Sunday, November 7, 2010

Salmon Florentine ~Molly

I found THE BEST salmon recipe the other day on Self.com. I've made it twice now, and I'll probably be making it again very, very soon. It's healthy (hence the reason it was on a health magazine's website), quick, and soooooo delicious.
Since I'm alone in my wolfpack, I cut the recipe in half and had plenty for my dinner and leftovers the next day.

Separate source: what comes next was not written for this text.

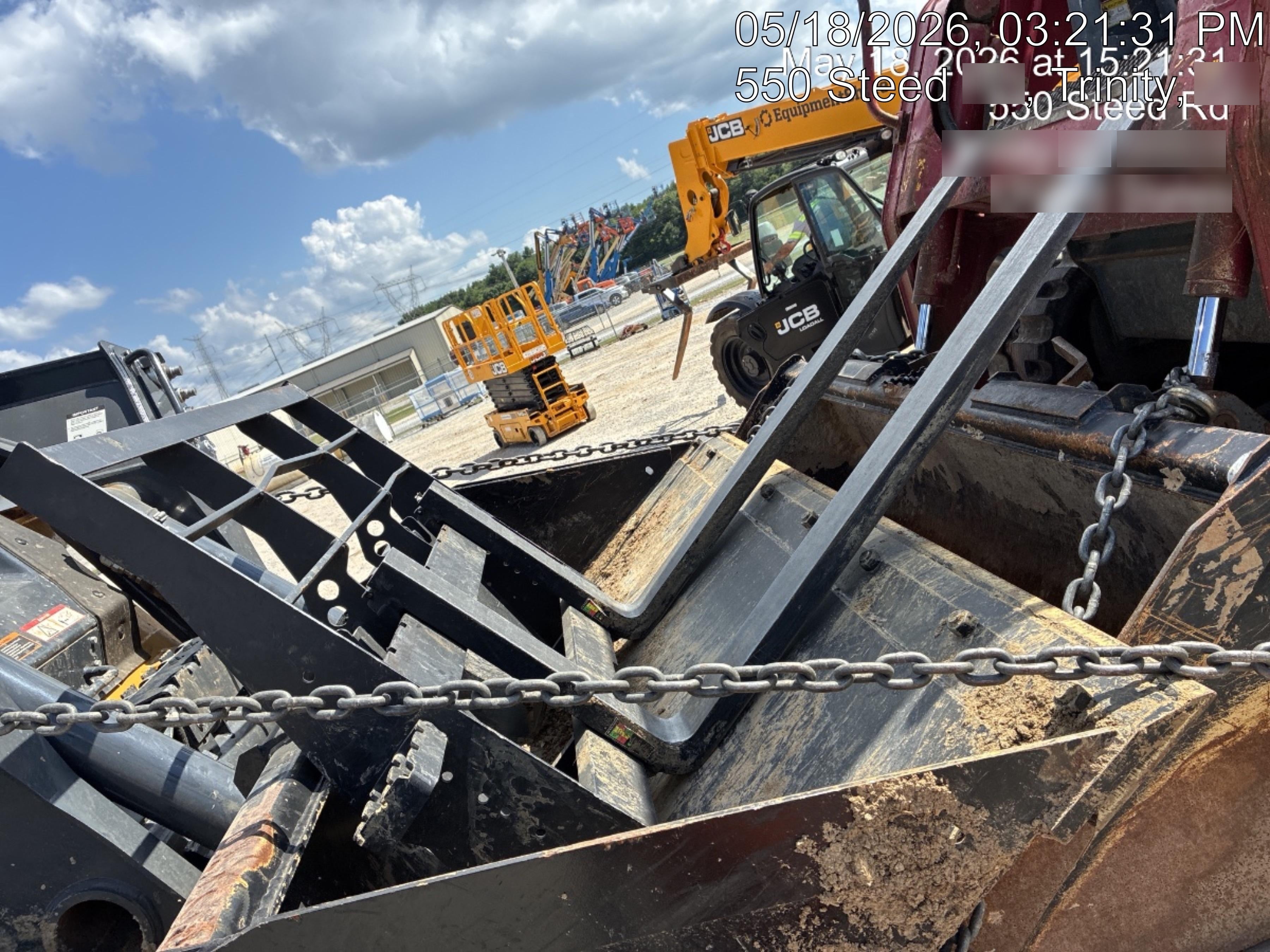 2025 ARROW MATERIAL HANDLING 48" Pallet Forks - Arrow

Oh, and I wilted about 2 cups of fresh spinach instead of using frozen because frozen is gross.


Serves 4

INGREDIENTS

  • 2 packages (10 oz each) frozen spinach, thawed
  • 1 tablespoon olive oil
  • 1/4 cup minced shallots*
  • 2 teaspoons minced garlic
  • 5 sun-dried tomatoes, chopped
  • 1/2 teaspoon salt, plus more to taste
  • 1/4 teaspoon red pepper flakes
  • 1/4 teaspoon freshly ground black pepper, plus more to taste
  • 1/2 cup part-skim ricotta
  • 4 skinless salmon fillets (6 oz each), rinsed and patted dry


PREPARATION

  1. Heat oven to 350°. Squeeze spinach of all excess liquid. Set aside. Heat oil in a large skillet over medium heat. Add shallots; cook, stirring, until soft, about 3 minutes. Add garlic; cook 1 minute more. Add spinach, tomatoes, salt, pepper flakes and pepper; cook, stirring, 2 minutes more. Remove from heat; let cool about 15 minutes**. Add ricotta; stir to combine. Season with salt and pepper. Pack about 1/2 cup spinach mixture on top of each fillet, matching the shape of the fillet. Place fillets on a rimmed baking sheet or in a glass baking dish; bake until cooked through, 15 minutes. 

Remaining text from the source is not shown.